I make the presumption that the political difference here is the following: American soldiers are not being killed every day in the attempt to salvage East Timor and Haiti and Gaza and Lebanon. In that case, we had better hope that the toll in, say, Afghanistan, does not rise any higher or faster. And we had better hope that forces among the Lebanese and Palestinians are strong enough to do our fighting for us. (A very striking recent report quoted spokesmen from Hamas becoming extremely worried by the growth of al-Qaida in Palestinian refugee camps, where every economic and cultural initiative is now being interdicted by absolutist fundamentalism. It would be amusing to see these glib spokesmen for Muslim fanaticism being outflanked and menaced from the right, if it were not so terrifying.)

So, I posed the following question to my UNAMI comrade, who had said to me in so many words that things in his Iraqi bailiwick “could not be worse.” Are you so sure that they could not be very much worse? In particular, what are you going to do about Kurdistan? In this region of Iraq, the local leadership has done almost everything that could have been asked of it by the United Nations or the United States. It maintains its own security, does not require foreign troops, has put an end to sectarian warfare among Kurds, fights against al-Qaida with some success, maintains a high regional standard for pluralism and democracy, and has enough left over to contribute soldiers to the policing of Baghdad and Fallujah. His response was to say, “The civil war will spread there, too.” I didn’t know whether to be more struck by his fatalism or his cynicism.

There’s no doubt that he has a point.
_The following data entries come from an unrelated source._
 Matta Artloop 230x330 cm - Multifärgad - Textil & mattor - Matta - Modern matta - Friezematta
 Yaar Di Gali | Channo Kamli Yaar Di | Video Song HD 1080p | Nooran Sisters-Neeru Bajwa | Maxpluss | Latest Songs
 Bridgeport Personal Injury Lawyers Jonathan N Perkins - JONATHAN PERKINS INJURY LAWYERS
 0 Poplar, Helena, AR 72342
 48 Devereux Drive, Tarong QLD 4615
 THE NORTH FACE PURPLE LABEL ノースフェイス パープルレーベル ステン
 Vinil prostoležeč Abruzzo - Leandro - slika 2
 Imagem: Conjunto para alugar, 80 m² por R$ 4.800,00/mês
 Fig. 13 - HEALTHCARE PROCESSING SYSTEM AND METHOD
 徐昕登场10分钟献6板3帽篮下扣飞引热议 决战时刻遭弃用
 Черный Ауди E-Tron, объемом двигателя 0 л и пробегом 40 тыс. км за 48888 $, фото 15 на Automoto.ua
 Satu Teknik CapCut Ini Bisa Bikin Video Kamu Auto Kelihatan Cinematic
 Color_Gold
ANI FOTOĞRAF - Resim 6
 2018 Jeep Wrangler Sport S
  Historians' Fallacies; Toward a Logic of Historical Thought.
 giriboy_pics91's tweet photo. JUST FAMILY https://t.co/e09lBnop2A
In two front-page stories last week, one read of attempts being made to drive the Kurds out of the northern city of Mosul and of the blowing-up of a major bridge that helps connect Baghdad to the Kurdish-majority city of Kirkuk. And this is only a dress rehearsal for what is to come as the people of Kirkuk get ready to vote on whether to affiliate themselves to the Kurdish autonomous region. Al-Qaida has made the sabotage of this vote a major effort and is sparing no atrocious tactic in its campaign of ethnic cleansing and clerical terror. So, what is all this idle babble about the conflict in Iraq being a “distraction” from the fight against Bin Laden? A very clear and bright line is being drawn in a country of vast strategic and economic importance. On one side of it stand the Iraqis who are willing to fight the common enemy of civilization, and on the other stands—what? Before we think about casting our own votes, we need to hear from every candidate whether he or she includes in their “withdrawal” package the abandonment of Kurdistan. And it would be nice to hear from the Bush administration, as well, a few crisp words on the identical subject. If we are not for ourselves, then who will be for us?